[Instructions to follow]: The answer should be the exact lines from the line containing "超星尔雅《就业指导(2016版)》课后习题答案_第1页" through the last line of the material below, with no pictures.

Input data below:

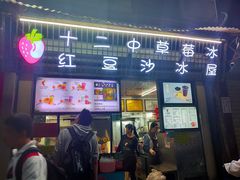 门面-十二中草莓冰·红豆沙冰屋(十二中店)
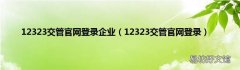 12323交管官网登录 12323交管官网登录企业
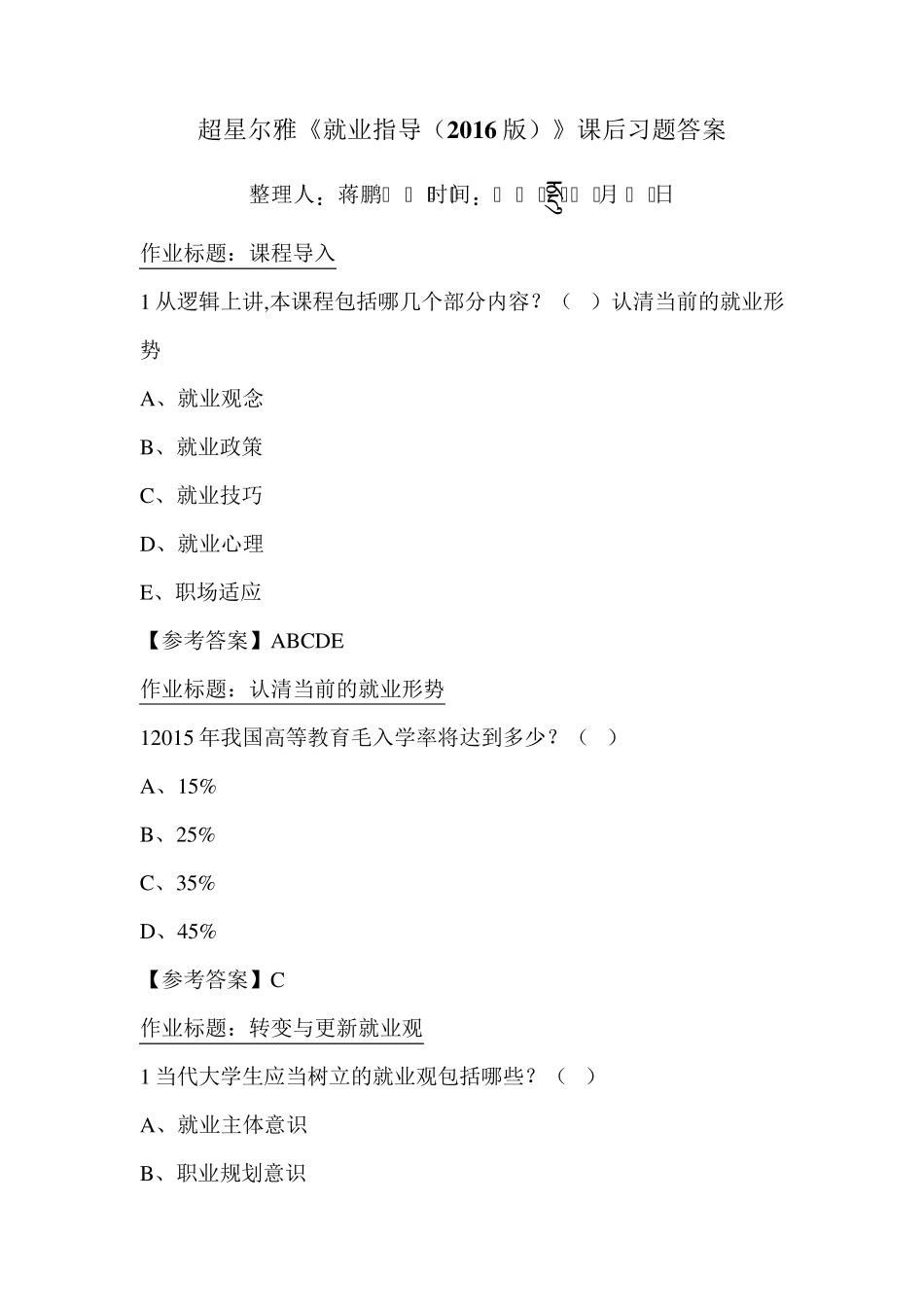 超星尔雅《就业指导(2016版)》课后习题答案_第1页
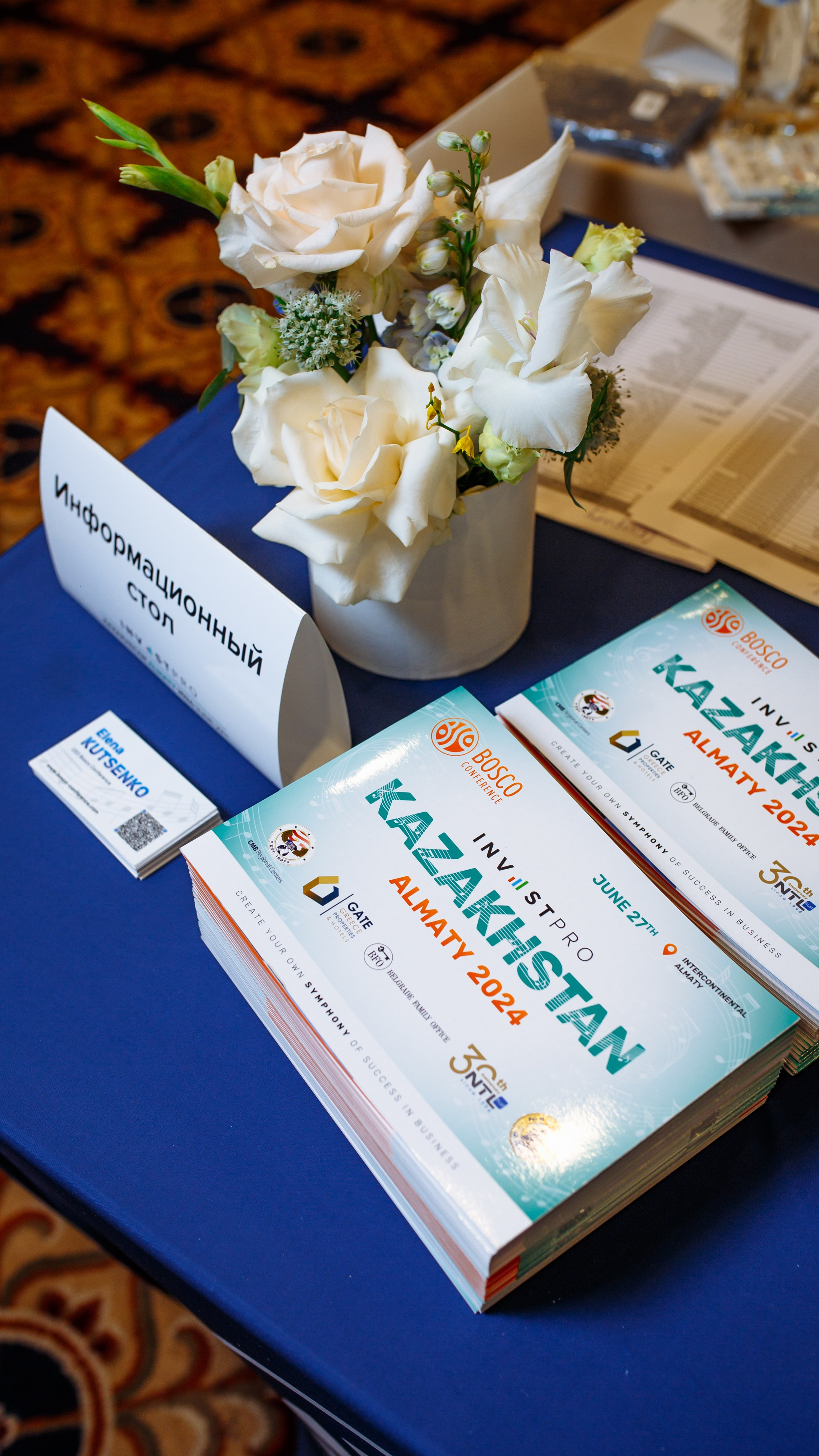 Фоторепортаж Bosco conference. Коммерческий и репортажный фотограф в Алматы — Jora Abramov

End of Input data.

[Answer space]:
 超星尔雅《就业指导(2016版)》课后习题答案_第1页
 Фоторепортаж Bosco conference. Коммерческий и репортажный фотограф в Алматы — Jora Abramov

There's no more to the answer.